今回はメインステージの Partita とセカンドステージの Black Chamber 以外にも、ショップやアートエキシビョンが楽しめる White Chamber、そして Black Chamber と Partita の真ん中にあるオープンエアステージの4つのエリアがあり、さながらプチ・レイブのようだ。Black Chamber と Partita の移動は寒いだろうなと思いつつも、コートと荷物を早速クロークに預け、Xavier Morel のスピンする Black Chamber へ。
グリーンのレーザーと音しかないミニマルな空間に、Xavier の硬派なテックトランスが響き渡る。個人的には彼のダークな音はもう少し遅い時間に聴きたかったが、次に控えている X-dream にバトンタッチするには Xavier 以外のハマり役はいないだろう。マインドベンディングなトランスでオーディエンスをフロアにしっかりロックした。


24時半を回った頃、Black Chamber の2F部分に設置された特設ライブステージに X-dream の2人のシルエットが浮かび上がった。ライブがスタートと同時に、会場からは歓声が沸き上がる。ゴア全盛期にトランスにどっぶりハマった著者にとっては、もはや懐メロとも思える往年のジャーマン・トランスも、20代前半のオーディエンスには新鮮なようだ。
疾走感溢れるトラックを3曲ほど披露したところで、パフォーマー&ボーカリストの Ariel が登場。80'sテイストたっぷりなロッキンな風貌にボコーダボイスという独自のスタイルにオーディエンスは釘付け。鉄腕アトムや銀河鉄道999に描かれているような"近未来"を彷彿とさせるフューチャリスティックなサウンドで、X-dream ワールドを創りあげていく。Ariel の姿を一目見ようと続々とフロアにオーディエンスが駆けつけ、踊るスペースを確保するのも困難になってきたため Partita へ。

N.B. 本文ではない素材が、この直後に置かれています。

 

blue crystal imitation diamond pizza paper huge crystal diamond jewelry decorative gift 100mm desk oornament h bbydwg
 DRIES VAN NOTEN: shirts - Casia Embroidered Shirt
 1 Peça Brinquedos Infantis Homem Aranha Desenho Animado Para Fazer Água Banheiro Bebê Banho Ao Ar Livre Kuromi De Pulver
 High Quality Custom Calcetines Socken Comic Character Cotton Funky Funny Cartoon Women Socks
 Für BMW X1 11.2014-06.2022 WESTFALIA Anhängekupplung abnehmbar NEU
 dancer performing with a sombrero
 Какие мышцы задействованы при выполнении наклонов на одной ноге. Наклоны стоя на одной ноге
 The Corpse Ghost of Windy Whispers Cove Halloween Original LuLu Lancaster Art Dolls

Partita では、現在人気急上昇中のエレクトロ・ロックバンド DAMAGE がエネルギッシュなライブを展開中。彼らのライブを見るのは初めてだったが、ハードコアやヒップホップの影響も受けたというだけあって、バラエティーに跳んだサウンドを聴かせてくれた。DAMAGE終了後は、会場後方に設けられたDJブースに、TRIANGLE を中心に活躍中の若手ドラムンベース DJ MASASHI と MC AOI が登場。MASASHI の早すぎないドラムンベースと AOI の歯切れのよいMCに、普段はドラムンベースとは疎遠の著者も気がつけばフロアの真ん中で体を揺らしていた。


Radio Slave まで少し時間があったので、オープンエアエリアでしばしブレイク。Compufunk のファンキーなディスコハウスをBGMに、お酒を愉しんでいると久々に会う友人たちに次々と遭遇。多くのアクトが一気に見れるだけではなく、普段クラブで会えない友人たちにも会えるのがビックパーティーの醍醐味だ。

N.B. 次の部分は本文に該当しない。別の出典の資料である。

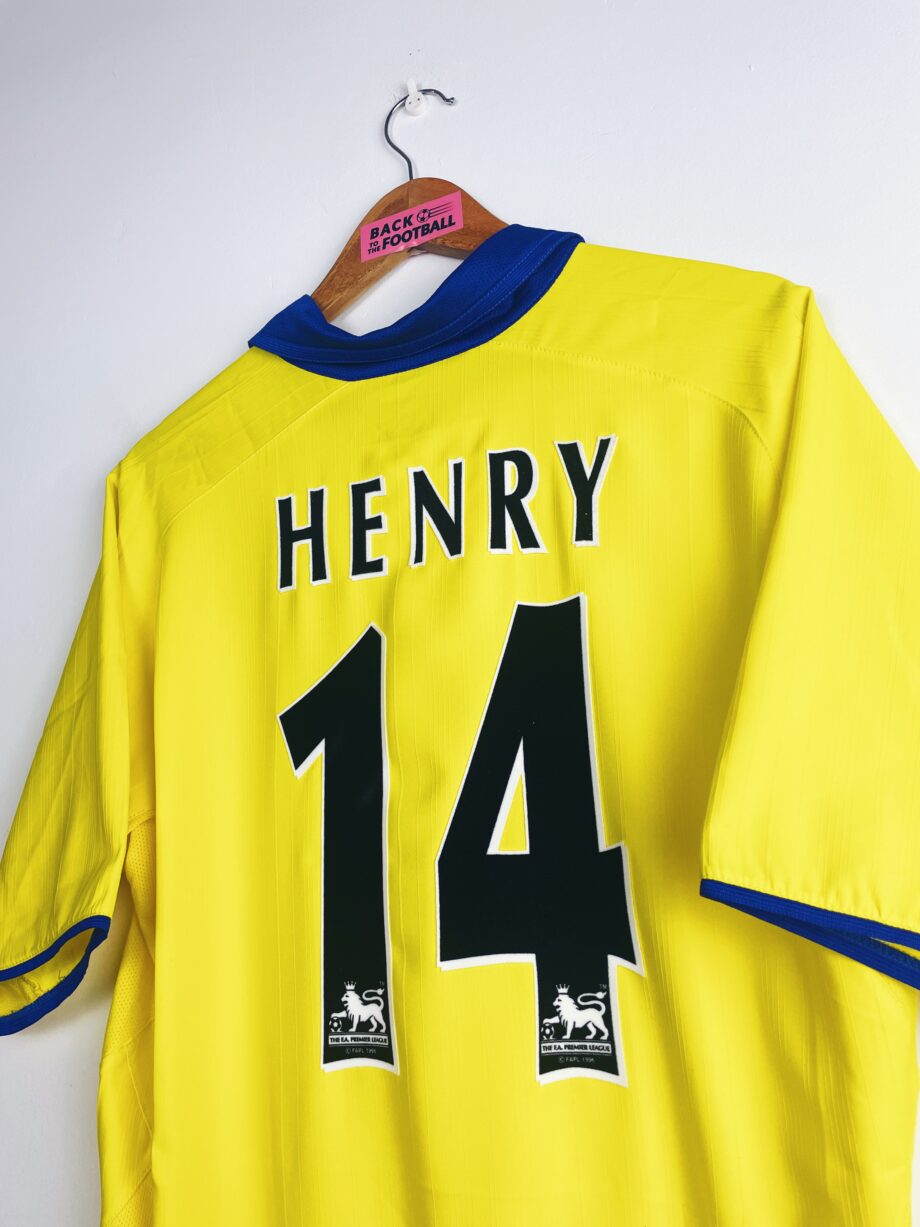 maillot vintage extérieur d'Arsenal 2003/2004 floqué Henry #14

一通り年末の挨拶を交わした後は冷えた体を温めるべく、再度 Black Chamber へ移動。Japanese Dubstep シーンの第一人者こと GOTHTRAD に続いて、著者的メインアクトの一人 Radio Slave がスタート。
アゲすぎず、でもディープすぎない心地良いテクノがフロアに広がって行く。例えるなら38℃位のぬるま湯にずっと浸かっている感じ。洗練されたテクノに時折ラテン調のトラックを取り入れて、セットにメリハリを付けていく。バーに辿り着くためにはフロアを一旦出なくてはいけないという試練が待ち受けていたため、アルコール欲求を何とか抑え、音遊びに専念。

ちょうどその頃 Partita では SunPaulo のライブがスタートしたが、Radio Slave の奏でるサウンドにすっかり心を奪われてしまい今回は SunPaulo は見送ることに。音にシンクロしているかのように自由自在に形を変えるレーザーワークも素晴らしく、あっという間に1時間半のセットが終了。また彼のセットをじっくり聴いてみたいものだ。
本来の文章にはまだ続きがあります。